I just set up WD TV Live, upgraded firmware and connected my WD 2TB My Book to it via USB cable. The screen display shows connecting, then disappears as if it has connected, but when selecting from local storage it reads “There is no media available for playback.”
There are files of all sorts on this hard drive, which is formatted to FAT32. Can anyone assist me in having the WD find/see the media.
Again, this is a direct connection from local storage, not a media server issue. I have tried another WD hard drive, also FAT32, and had no luck. Please help.
Tried with a 500Gb WD external hard drive, also FAT32, and it worked fine.
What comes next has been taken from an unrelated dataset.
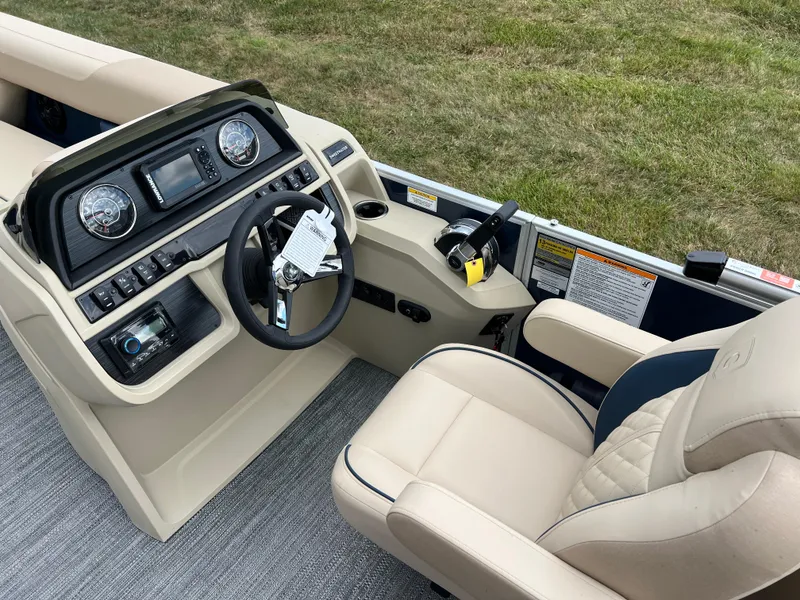 Slide: The Image of 2025 Godfrey SWEETWATER 2286 SB boat interior with steering wheel and control panel. - 27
Still need help if there’s any way to get the 2TB working. This thing is going back if there’s not…l
Individual files not playing is not the problem I’m concerned with; the WD device not recognizing the 2TB hard drives is. I’m using FAT32 because that’s the format Xbox takes, which was handling my media needs prior to this. Reformatting a filled 2TB hard drive and keeping the files is quite a timely undertaking, I’m sure you realize, and I’ll just go back to xbox and return this if that’s what I need to do.
However, it’s clearly not what I need to do, since other FAT32 drives of lesser capacity are working fine.
I’m working on this now, hence my frequent updates.
Sir or Madam, please stop responding to me if you “just don’t know” or only give out irresponsible advice because “it’s worth a shot.” I am seeking one who DOES know.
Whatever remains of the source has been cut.